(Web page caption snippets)
──────

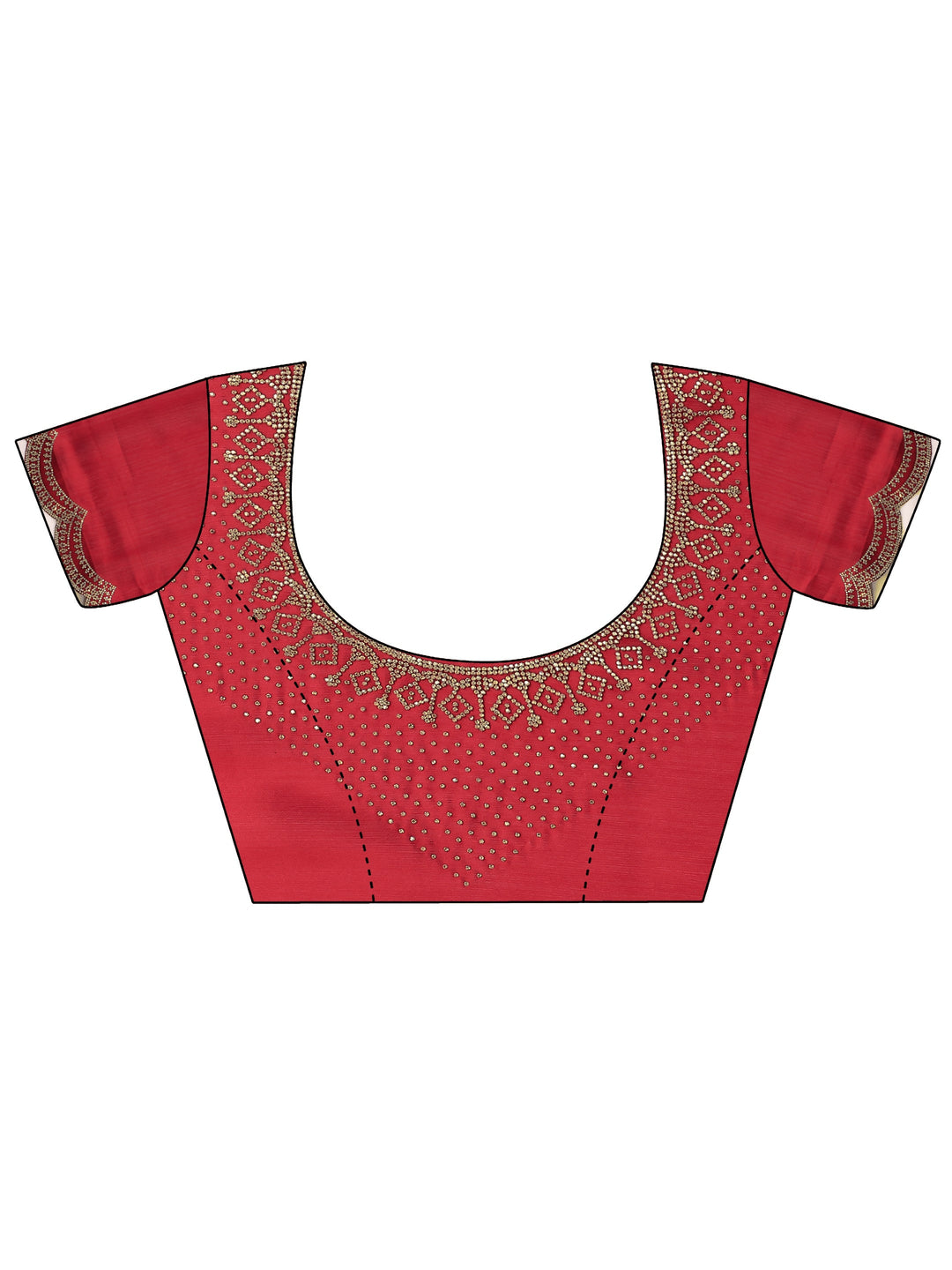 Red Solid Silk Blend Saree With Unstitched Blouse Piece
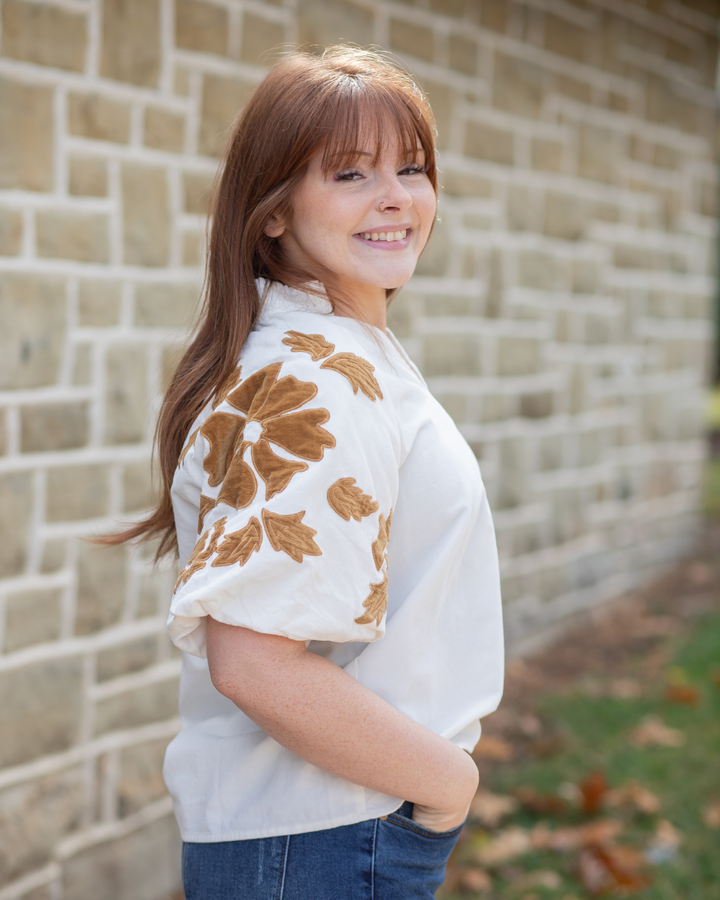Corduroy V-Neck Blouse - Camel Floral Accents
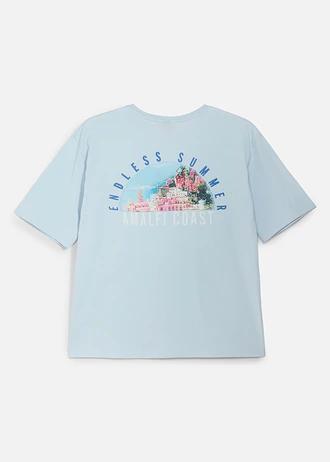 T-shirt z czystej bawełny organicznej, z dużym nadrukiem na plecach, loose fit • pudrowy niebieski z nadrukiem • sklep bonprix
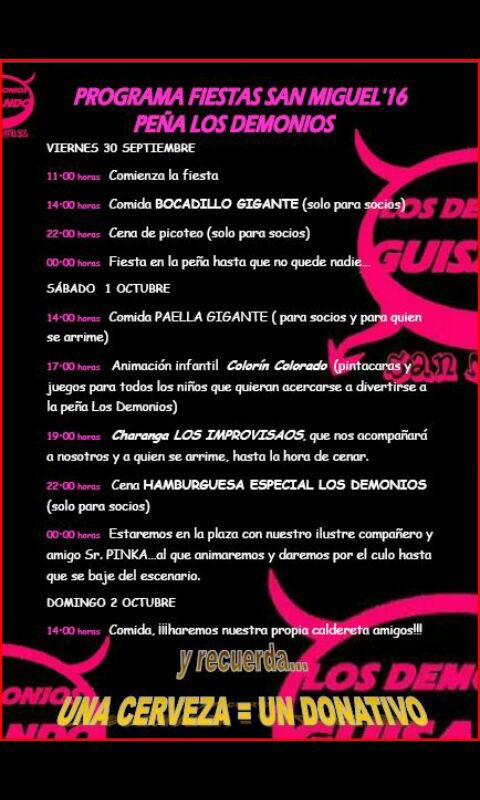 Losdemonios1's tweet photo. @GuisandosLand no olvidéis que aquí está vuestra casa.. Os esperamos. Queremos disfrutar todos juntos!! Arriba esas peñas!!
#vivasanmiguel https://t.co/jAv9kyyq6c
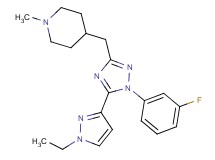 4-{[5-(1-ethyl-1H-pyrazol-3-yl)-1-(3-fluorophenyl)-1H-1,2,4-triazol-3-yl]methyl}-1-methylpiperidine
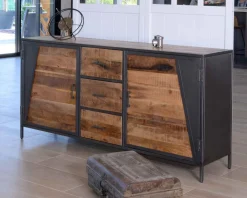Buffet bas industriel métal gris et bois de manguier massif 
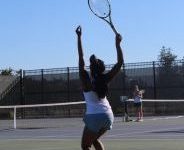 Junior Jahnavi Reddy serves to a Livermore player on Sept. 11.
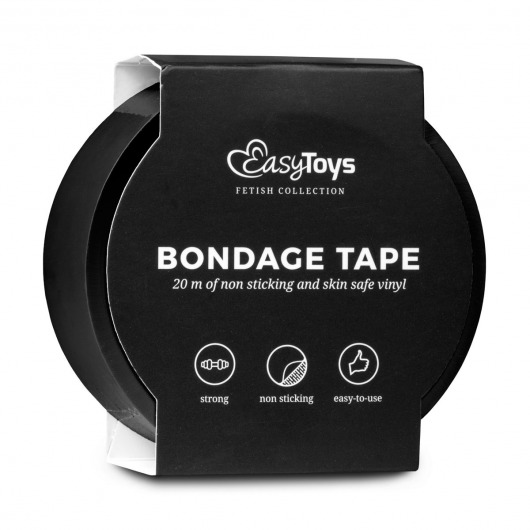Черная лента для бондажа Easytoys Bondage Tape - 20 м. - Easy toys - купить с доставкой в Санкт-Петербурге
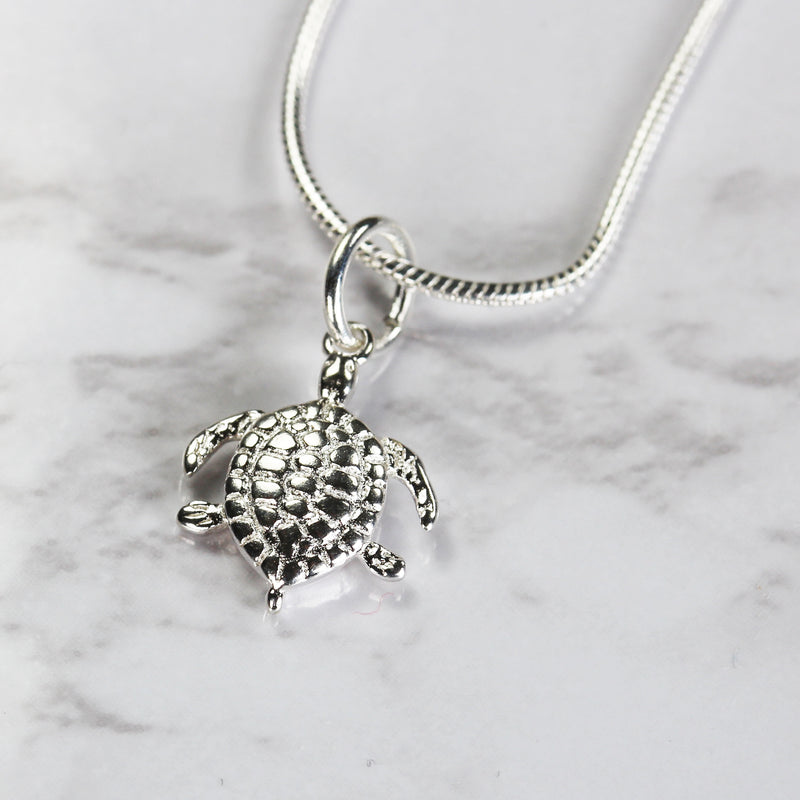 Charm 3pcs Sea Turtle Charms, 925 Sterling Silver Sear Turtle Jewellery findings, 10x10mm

──────

Each record above, in full: return it exactly, pictures excluded.

 Red Solid Silk Blend Saree With Unstitched Blouse Piece
Corduroy V-Neck Blouse - Camel Floral Accents
 T-shirt z czystej bawełny organicznej, z dużym nadrukiem na plecach, loose fit • pudrowy niebieski z nadrukiem • sklep bonprix
 Losdemonios1's tweet photo. @GuisandosLand no olvidéis que aquí está vuestra casa.. Os esperamos. Queremos disfrutar todos juntos!! Arriba esas peñas!!
#vivasanmiguel https://t.co/jAv9kyyq6c
 4-{[5-(1-ethyl-1H-pyrazol-3-yl)-1-(3-fluorophenyl)-1H-1,2,4-triazol-3-yl]methyl}-1-methylpiperidine
Buffet bas industriel métal gris et bois de manguier massif 
 Junior Jahnavi Reddy serves to a Livermore player on Sept. 11.
Черная лента для бондажа Easytoys Bondage Tape - 20 м. - Easy toys - купить с доставкой в Санкт-Петербурге
 Charm 3pcs Sea Turtle Charms, 925 Sterling Silver Sear Turtle Jewellery findings, 10x10mm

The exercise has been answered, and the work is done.